*What is needed*
Whenever a line in the material below includes "with", copy that line.

*Record excerpts*

• • • • •

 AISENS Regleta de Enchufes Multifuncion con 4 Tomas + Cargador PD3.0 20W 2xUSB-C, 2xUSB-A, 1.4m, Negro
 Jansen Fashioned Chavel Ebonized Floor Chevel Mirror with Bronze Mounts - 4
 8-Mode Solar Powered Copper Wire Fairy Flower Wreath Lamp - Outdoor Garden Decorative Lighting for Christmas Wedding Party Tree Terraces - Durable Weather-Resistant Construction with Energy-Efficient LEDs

• • • • •

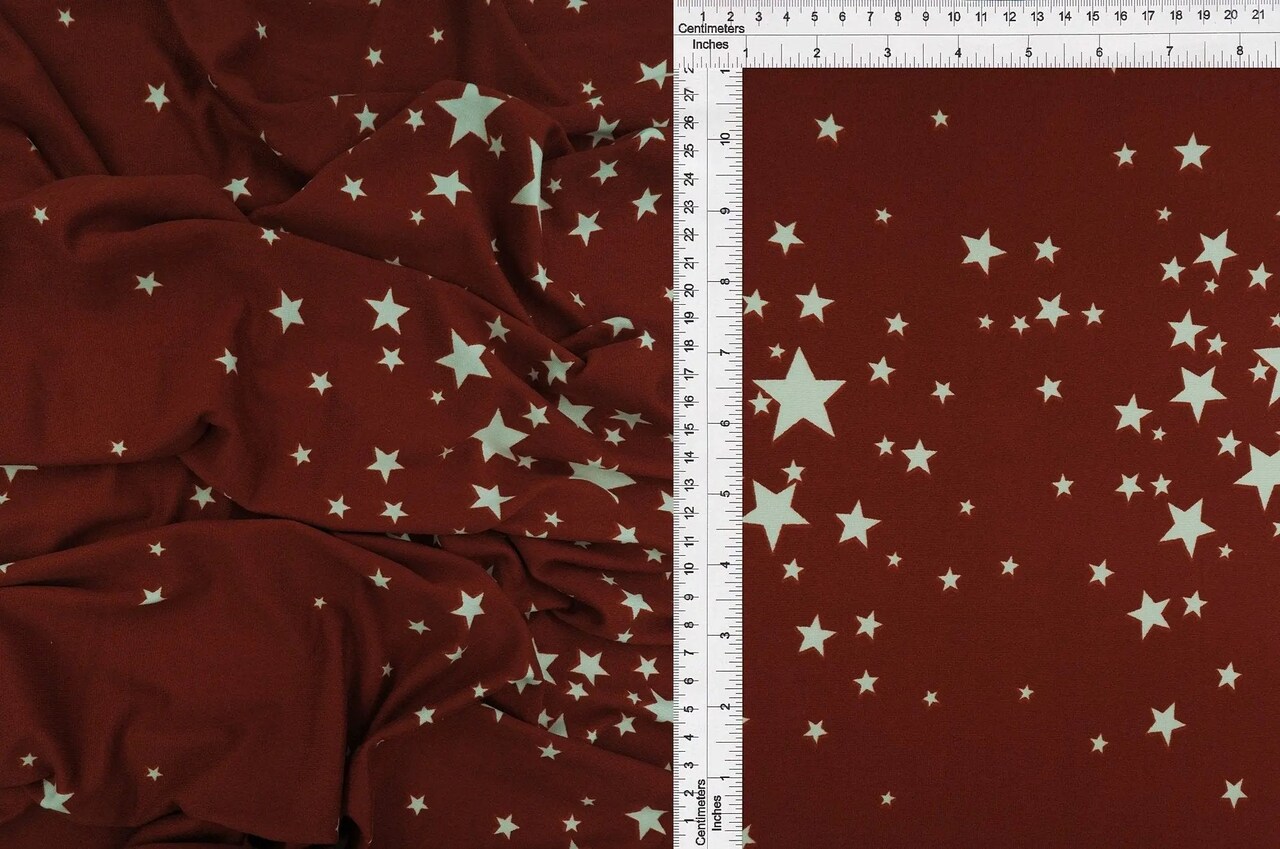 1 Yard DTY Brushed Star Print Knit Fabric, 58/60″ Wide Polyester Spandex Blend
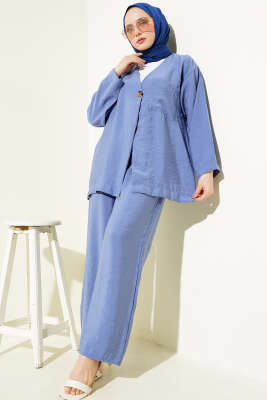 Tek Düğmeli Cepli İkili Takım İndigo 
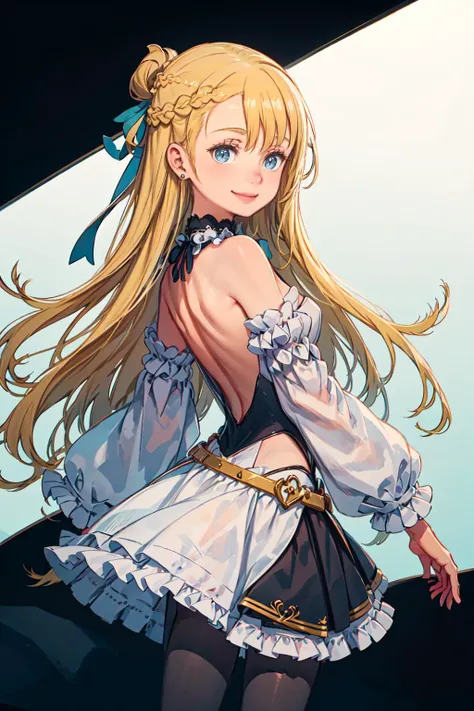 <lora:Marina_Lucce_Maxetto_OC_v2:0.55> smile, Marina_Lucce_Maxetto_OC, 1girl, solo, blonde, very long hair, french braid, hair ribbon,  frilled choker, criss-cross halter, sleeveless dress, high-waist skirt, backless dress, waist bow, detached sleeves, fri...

• • • • •

*Task result*
 Jansen Fashioned Chavel Ebonized Floor Chevel Mirror with Bronze Mounts - 4
 8-Mode Solar Powered Copper Wire Fairy Flower Wreath Lamp - Outdoor Garden Decorative Lighting for Christmas Wedding Party Tree Terraces - Durable Weather-Resistant Construction with Energy-Efficient LEDs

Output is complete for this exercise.